- VCD cover
- Directed by: R Anantharaju
- Produced by: M Chandru
- Starring: Diganth; Srinagara Kitty; Sharmiela Mandre;
- Cinematography: H C Venu
- Edited by: Deepu S Kumar
- Music by: Manikanth Kadri
- Release date: 19 March 2010;
- Country: India
- Language: Kannada

= Swayamvara (2010 film) =

Swayamvara is a 2010 Indian Kannada-language film directed by R Anantharaju, starring Diganth, Srinagara Kitty and Sharmiela Mandre in lead roles. Actor M.Chandru who produced this movie was known as "Swayamvara" Chandru for a brief period until producing Kaddipudi after which he was known as "Kaddipudi" Chandru.
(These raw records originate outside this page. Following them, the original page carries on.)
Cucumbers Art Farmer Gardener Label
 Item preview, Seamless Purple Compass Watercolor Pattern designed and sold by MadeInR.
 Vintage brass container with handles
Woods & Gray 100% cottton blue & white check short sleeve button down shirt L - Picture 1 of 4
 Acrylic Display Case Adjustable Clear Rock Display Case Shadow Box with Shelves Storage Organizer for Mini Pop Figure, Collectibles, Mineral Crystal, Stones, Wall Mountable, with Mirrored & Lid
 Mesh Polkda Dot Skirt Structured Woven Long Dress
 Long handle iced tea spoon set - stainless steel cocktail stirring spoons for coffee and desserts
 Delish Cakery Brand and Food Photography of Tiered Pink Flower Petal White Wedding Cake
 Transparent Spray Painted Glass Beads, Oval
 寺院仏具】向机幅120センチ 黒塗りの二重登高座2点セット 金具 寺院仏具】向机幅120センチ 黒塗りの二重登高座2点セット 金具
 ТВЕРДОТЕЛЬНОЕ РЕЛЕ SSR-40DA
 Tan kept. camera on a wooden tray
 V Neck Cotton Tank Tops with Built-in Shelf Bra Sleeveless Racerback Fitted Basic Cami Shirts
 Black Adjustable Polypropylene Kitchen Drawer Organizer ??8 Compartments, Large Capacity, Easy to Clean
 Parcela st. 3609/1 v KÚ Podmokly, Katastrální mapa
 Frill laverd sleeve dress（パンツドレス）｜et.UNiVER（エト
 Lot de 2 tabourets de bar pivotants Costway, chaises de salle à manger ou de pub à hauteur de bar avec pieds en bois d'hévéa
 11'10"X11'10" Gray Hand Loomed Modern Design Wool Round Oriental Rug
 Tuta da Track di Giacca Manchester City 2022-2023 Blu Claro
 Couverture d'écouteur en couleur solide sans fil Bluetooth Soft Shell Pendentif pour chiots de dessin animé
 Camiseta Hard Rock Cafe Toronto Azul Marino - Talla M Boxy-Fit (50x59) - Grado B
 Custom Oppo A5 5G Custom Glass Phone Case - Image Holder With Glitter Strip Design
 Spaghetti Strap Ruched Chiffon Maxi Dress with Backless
The movie is a remake of 2004 Hindi movie Mujhse Shaadi Karogi which was based on the 2001 Tamil movie Kabadi Kabadi which in turn was inspired by the 2000 English movie Meet the Parents.

==Music==

Track listing
| No. | Title | Singer(s) | Length |
|---|---|---|---|
| 1. | "Milky Baby" | Anitha Karthikeyan, Balu Thangachan, Sindhuja Rajaram | 4:14 |
| 2. | "Shuruvaayithu" | Rajesh Krishnan | 4:48 |
| 3. | "Kaadige Kanna" | Benny Dayal, Chaitra H. G. | 4:32 |
| 4. | "Ambaari" | Manikanth Kadri, Rakesh Raghuram, Chaitra H. G. | 4:35 |
| 5. | "Anusha" | Gurukiran, Manikanth Kadri, Maya | 4:03 |
| Total length: |  |  | 21:32 |

== Reception ==
The critical reception of the film was mixed. A critic from The New Indian Express wrote "Almost all the character artists have performed well in the film. H.C. Venu has done a good job behind camera. "Swayamvara" is an average fare and is worth just a one-time watch". B S Srivani from Deccan Herald wrote "Kitti is up to the task. Sharmila is restrained and oozing glamour wherever required. Having perfected the art of grating on the nerves in other films, the dimpled actor manages to pull off inane jokes easily.  ‘Swayamvara’ is a nice title for a less-than-nice film". Shruti Indira Lakshminarayana from Rediff.com scored the film at 2.5 out of 5 stars and says "Dialogues don't have much punch, and despite all the songs being original scores and big names like Yograj Bhatt, Nagendra Prasad, Sudhir Athawar, Arjun and Tushar Ranganath writing the lyrics, Manikanth Kadri's music is not catchy. The film also seems a tad too lengthy". A critic from Bangalore Mirror wrote "All the actors churn out decent performances. Rangayana Raghu whose character is at the receiving end of Kitty’s mis-directed efforts to woo Sharmila is fun to watch. Sharmila oozes glamour and her eye candy image is worth the trip to the cinema hall".